Work to be completed :: Your answer is the lines below, exactly, from the one that contains "Floor plan for 1 bed, 1 bath, 612 sqft" through the one that contains "Triple rose burgundy fedora", both included.

Data extracted from a collection ::
┄┄┄┄┄┄

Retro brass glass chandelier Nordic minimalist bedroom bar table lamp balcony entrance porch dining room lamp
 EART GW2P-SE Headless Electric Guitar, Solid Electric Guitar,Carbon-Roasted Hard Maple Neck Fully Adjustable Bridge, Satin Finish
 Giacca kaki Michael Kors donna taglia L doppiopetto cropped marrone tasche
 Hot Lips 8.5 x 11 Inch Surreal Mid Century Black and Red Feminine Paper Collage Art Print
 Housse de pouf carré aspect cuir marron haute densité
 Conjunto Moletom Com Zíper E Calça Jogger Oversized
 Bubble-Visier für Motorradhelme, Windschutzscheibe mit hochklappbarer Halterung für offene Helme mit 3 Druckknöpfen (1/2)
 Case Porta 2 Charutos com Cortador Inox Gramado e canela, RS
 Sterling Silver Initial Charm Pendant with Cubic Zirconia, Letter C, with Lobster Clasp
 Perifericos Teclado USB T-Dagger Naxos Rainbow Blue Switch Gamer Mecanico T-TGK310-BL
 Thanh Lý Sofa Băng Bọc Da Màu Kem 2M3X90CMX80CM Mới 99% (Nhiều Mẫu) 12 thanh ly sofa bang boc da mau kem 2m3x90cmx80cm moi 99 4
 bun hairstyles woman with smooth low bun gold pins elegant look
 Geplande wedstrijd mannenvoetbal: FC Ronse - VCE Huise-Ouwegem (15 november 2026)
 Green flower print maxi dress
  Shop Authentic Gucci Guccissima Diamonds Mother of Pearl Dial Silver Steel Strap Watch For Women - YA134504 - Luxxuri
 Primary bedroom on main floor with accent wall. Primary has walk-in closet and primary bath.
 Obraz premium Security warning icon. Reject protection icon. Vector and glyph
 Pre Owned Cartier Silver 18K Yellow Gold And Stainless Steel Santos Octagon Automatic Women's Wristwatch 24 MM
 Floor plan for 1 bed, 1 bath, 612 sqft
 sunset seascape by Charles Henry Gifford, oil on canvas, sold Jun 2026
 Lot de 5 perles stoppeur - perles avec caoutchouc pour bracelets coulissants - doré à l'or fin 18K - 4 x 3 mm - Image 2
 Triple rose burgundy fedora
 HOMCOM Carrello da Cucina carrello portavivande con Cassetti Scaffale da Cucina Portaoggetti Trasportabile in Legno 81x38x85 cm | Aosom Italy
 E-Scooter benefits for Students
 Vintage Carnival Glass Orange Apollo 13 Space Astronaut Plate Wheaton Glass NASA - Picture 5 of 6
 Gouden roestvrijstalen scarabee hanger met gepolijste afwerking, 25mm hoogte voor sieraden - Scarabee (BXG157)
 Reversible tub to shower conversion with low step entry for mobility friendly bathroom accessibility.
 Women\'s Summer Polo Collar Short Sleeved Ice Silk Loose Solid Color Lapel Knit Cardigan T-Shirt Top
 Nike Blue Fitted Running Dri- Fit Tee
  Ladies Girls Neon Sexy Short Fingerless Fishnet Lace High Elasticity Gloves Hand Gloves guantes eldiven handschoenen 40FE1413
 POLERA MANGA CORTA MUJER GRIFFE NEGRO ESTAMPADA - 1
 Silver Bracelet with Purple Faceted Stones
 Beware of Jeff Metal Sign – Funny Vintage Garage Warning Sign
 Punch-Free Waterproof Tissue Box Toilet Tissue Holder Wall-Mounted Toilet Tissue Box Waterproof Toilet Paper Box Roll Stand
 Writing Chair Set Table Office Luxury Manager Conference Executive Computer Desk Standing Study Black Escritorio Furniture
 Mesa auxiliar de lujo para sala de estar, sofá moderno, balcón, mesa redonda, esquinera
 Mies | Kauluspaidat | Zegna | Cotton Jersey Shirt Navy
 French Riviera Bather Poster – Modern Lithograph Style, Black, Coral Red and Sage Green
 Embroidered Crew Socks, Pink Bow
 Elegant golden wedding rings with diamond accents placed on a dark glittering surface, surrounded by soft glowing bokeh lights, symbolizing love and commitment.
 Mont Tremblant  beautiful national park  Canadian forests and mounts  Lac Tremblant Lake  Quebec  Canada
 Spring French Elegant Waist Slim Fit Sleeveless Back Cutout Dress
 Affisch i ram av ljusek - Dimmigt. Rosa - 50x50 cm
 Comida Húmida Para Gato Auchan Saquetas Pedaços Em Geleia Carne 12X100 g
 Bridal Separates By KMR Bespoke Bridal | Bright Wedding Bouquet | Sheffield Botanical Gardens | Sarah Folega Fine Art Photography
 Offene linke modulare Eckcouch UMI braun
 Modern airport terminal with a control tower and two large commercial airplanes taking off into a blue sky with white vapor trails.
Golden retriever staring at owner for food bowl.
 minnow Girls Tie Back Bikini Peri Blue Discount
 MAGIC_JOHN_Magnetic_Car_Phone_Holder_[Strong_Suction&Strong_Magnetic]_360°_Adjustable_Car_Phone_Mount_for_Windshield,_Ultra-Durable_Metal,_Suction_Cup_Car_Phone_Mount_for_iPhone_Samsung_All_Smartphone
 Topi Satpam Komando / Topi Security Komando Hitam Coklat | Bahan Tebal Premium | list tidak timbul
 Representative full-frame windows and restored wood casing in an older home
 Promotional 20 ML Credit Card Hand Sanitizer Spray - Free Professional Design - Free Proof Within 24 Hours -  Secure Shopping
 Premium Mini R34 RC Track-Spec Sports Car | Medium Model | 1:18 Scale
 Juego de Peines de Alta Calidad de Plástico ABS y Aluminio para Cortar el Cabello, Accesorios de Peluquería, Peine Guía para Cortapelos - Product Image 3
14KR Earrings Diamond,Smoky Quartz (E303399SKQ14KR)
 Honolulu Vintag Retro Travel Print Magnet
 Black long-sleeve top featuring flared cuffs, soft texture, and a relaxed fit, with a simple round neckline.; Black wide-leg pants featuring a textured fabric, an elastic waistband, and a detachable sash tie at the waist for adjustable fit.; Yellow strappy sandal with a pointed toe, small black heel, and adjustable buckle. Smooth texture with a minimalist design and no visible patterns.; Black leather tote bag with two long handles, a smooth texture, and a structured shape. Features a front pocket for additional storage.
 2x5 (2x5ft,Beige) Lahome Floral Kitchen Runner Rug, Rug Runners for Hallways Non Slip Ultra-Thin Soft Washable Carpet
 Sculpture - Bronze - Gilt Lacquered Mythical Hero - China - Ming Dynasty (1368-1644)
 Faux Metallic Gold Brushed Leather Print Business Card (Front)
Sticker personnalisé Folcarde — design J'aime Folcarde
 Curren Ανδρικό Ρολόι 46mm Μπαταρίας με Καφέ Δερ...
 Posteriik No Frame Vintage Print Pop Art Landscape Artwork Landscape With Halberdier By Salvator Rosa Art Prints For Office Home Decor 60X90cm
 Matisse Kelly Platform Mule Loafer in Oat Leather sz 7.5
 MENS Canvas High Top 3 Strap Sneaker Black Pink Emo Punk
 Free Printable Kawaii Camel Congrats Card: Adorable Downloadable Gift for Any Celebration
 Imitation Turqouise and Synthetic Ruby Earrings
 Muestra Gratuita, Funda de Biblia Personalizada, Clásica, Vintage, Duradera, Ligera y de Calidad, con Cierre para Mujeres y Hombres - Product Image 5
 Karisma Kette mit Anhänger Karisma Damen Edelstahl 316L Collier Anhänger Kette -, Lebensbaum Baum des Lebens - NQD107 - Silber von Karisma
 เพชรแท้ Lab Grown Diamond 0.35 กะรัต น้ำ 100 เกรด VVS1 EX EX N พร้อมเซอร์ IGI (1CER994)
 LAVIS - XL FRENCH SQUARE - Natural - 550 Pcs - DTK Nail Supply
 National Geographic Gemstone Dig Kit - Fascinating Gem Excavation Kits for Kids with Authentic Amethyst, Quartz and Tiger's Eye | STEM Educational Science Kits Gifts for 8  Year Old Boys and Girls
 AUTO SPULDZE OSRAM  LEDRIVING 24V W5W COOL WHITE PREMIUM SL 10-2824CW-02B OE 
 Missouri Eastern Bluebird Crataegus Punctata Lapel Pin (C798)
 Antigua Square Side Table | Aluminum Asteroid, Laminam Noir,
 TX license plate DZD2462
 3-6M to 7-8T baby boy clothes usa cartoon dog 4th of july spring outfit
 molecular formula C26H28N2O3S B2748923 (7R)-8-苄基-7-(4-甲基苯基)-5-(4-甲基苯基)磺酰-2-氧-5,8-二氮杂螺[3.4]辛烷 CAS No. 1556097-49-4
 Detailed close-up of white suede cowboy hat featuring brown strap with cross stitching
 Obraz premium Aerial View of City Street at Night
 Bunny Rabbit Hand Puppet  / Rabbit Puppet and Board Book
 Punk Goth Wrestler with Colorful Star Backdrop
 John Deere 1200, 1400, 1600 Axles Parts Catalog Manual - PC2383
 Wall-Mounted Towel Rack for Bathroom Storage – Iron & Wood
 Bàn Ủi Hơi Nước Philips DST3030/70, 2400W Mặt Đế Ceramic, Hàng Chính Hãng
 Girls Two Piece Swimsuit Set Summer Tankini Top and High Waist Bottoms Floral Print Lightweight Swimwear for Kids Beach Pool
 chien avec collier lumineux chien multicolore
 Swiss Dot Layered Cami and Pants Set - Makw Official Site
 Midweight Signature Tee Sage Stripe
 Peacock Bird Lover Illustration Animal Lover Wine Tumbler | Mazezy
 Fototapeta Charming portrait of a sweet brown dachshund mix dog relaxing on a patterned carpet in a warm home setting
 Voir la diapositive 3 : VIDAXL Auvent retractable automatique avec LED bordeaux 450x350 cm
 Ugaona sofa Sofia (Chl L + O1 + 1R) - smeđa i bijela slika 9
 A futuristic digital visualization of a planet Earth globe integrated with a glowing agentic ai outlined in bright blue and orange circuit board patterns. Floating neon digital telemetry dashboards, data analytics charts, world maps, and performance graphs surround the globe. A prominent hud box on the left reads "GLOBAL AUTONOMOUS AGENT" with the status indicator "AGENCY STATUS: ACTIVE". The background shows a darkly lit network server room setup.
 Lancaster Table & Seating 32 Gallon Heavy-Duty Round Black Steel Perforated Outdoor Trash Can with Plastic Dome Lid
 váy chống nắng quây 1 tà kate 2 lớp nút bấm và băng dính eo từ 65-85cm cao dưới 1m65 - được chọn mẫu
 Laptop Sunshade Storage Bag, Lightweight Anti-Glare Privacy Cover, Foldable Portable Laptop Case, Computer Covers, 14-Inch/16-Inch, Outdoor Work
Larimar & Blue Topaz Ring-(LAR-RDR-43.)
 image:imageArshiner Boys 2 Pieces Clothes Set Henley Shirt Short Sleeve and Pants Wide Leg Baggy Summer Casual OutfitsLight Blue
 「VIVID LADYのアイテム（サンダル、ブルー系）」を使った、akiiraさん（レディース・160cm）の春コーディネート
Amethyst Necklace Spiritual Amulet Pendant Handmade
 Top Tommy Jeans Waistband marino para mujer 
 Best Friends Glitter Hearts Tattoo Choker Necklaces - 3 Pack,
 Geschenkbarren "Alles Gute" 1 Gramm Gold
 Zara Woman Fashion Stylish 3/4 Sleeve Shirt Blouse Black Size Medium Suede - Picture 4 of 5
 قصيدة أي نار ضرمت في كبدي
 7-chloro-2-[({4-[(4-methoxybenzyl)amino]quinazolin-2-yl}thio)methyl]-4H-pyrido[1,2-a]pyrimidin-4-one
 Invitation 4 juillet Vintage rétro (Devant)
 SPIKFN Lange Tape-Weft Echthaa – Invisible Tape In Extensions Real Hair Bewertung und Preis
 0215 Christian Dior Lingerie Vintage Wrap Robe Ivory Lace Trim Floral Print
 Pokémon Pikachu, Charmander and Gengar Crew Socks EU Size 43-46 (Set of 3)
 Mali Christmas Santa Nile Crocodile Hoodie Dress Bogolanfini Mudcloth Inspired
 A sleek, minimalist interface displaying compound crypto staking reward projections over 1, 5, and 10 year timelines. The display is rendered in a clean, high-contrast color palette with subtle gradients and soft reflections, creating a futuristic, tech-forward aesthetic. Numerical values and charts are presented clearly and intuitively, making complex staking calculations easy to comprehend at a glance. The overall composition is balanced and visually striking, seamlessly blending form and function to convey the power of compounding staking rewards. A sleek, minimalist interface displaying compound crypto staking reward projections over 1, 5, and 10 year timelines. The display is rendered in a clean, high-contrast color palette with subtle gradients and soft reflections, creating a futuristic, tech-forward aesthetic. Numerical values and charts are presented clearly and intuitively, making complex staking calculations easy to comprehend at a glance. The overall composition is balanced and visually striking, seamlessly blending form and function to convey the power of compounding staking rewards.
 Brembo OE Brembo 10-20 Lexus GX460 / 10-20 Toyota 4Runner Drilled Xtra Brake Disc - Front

┄┄┄┄┄┄

Answer to the problem ::
 Floor plan for 1 bed, 1 bath, 612 sqft
 sunset seascape by Charles Henry Gifford, oil on canvas, sold Jun 2026
 Lot de 5 perles stoppeur - perles avec caoutchouc pour bracelets coulissants - doré à l'or fin 18K - 4 x 3 mm - Image 2
 Triple rose burgundy fedora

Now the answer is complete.